At the time of writing, the share price had lost an incredible 70% in just a few days.
The only highlight to be found is the Nutun division, thanks to high levels of consumer debt and a business model that has proven to be reliable.
WeBuyCars has said that its earnings are likely to be down by up to 20% in the six months to March. The company has blamed this on margin pressure, as the mix of vehicles it is selling has shifted towards lower-priced cars.
Given the strength of the base period, the WeBuyCars result wasn’t as bad as many had feared. This is a maturing business that was never going to continue to grow at the same rate as it did in its early days, especially in a period of rising interest rates and pressure on consumer spending. However, the company is still doing well in other areas, such as increasing the penetration of finance and insurance products.
On to the real gemors: SA Taxi. The headwinds in this business are now “structural” rather than “cyclical” – precisely what shareholders don’t want to see in the context of headwinds.
As part of trying to reposition SA Taxi as more of an asset-based finance business, Gomo (the finance and insurance platform servicing WeBuyCars) has been structured inside a division that will now be called Mobalyz. Sadly, tech-style usage of pseudo vowels can’t save this one in the short term. Despite South Africa’s absolute reliance on the taxi industry, it is far from a sure investment in this economic climate.
A perfect storm of challenges – including hikes in the fuel price, increases in vehicle prices, more expensive debt and lower commuter volumes – has caused severe headaches for taxi operators and thus for SA Taxi as a lender to the industry. Taxi operators have been unable to push price increases on to cash-strapped commuters, which means they are absorbing costs themselves.
MultiChoice: powerless without TV
Inflation is high. Interest rates are up. The cost of living is rising. So why would consumers continue to pay for a service that they can’t access while their TVs have been comprehensively censored by Eskom for two hours at a time (or more)?
MultiChoice shareholders might hate the logic in that argument, but there’s just about nothing they can do about it.
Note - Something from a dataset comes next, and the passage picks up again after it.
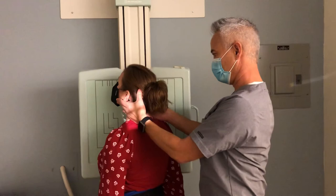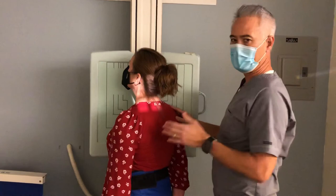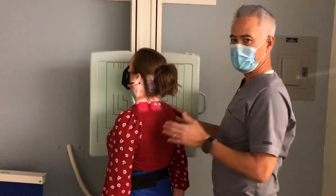Always stay in the room with the patient so you know they're not moving around. Start your breathing instructions before you leave. Take a breath in, blow it out, relax the arms, and stop your breathing. Don't breathe, don't move — then motor, exposure.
Consumer spending pressures are coming through, and the latest update is a clear reflection of that.
MultiChoice’s FY23 trading margin in SA is expected to be 23% to 28%, which is well below previous market guidance of 28% to 30%. In Rest of Africa, solid subscriber growth (especially in Nigeria) means that the business is due to return to trading profitability this year. That’s nice, but it doesn’t really help if you make money that you can’t get out of the country. Just ask MTN.
And in case you’re wondering, the streaming deal with Comcast in Africa isn’t going to solve the profitability pressure anytime soon.
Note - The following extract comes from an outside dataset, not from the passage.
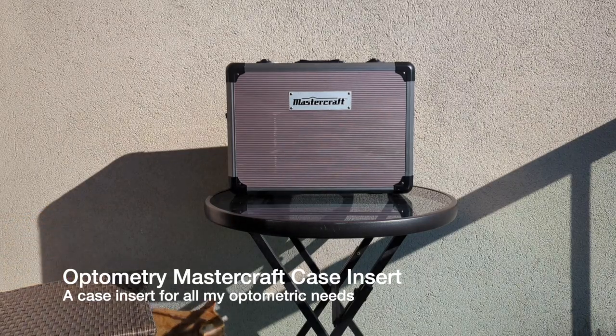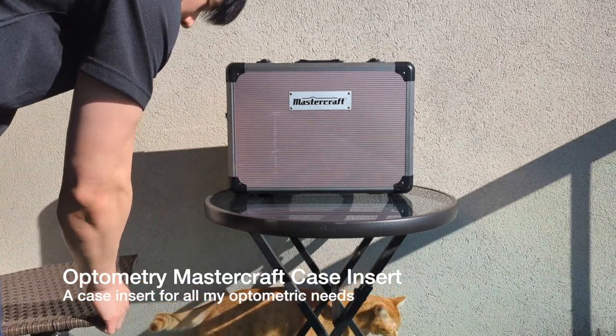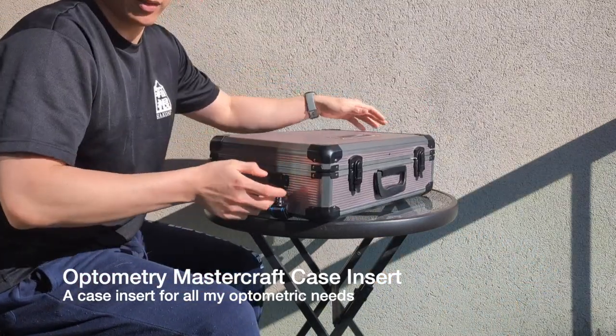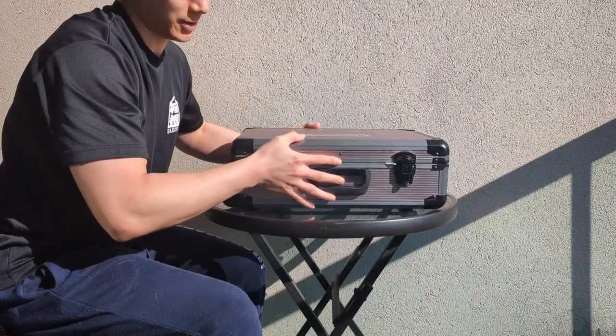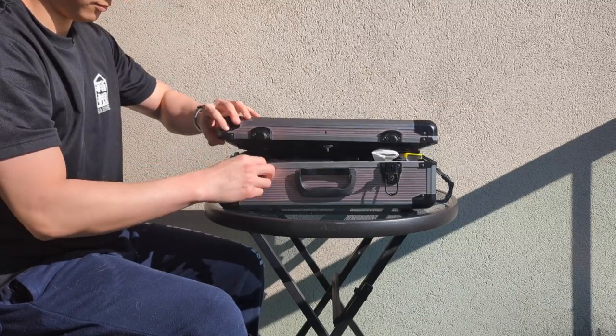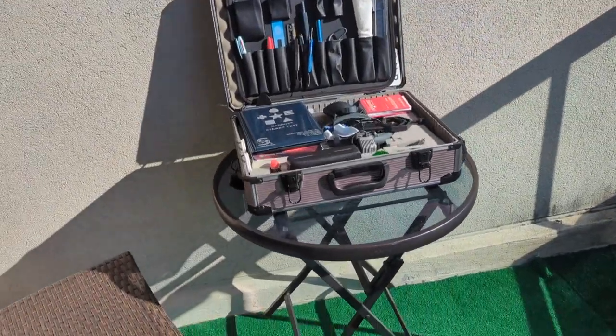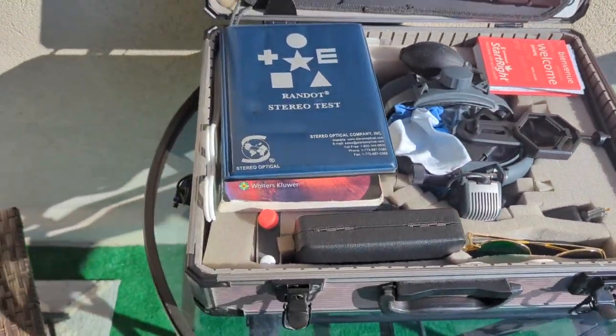Hello there and welcome to another 3D printed project. Today we'll be working on this Mastercraft case. For myself and a lot of other optometrists in Canada, we have been given this case or bought this case because it conveniently holds all of our gear. Just how much gear this thing actually holds? Well, let me show you.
If anything, streaming is notorious for being loss-making in the early years.
Fun in the Sun International
It’s been quite a time for investors in Sun International, with the stock price up a whopping 40% over 12 months, a performance backed up by some impressive numbers. Headline earnings increased tenfold, and the urban casinos segment has seen a 71% increase in earnings before interest, taxes, depreciation and amortisation (Ebitda).
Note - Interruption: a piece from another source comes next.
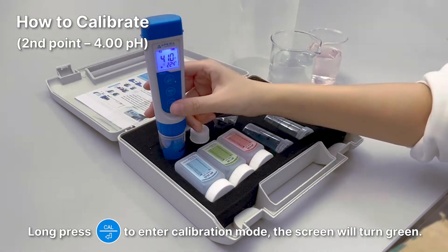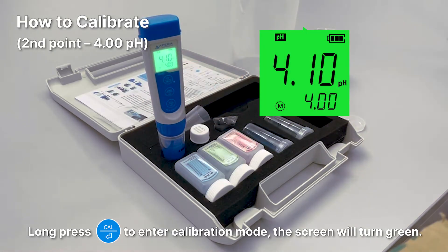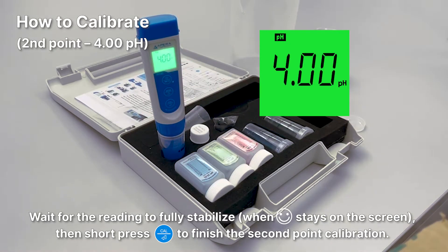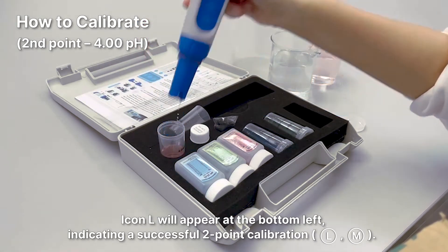Long press the CAL button to enter calibration mode — the screen will turn green. Wait for the reading to fully stabilize, then short press the CAL button to finish the second point calibration. Icon L will appear at the bottom left, indicating a successful two-point calibration.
Sun Slots, though facing some margin pressure owing to load shedding, has still performed well, with income up 20% and Ebitda up 17%. Newcomer SunBet, though still early in its development, is growing strongly across key metrics.
The resorts and hotels business posted Ebitda of R450-million for the 2020 financial year, significantly higher than the R300-million posted in the 2019 financial year. The adjusted Ebitda margin of 17.5% is also a material jump from the pre-pandemic level of 11.7% in 2019.
Not all gambles in the market work out, but this one has been a winner as of late.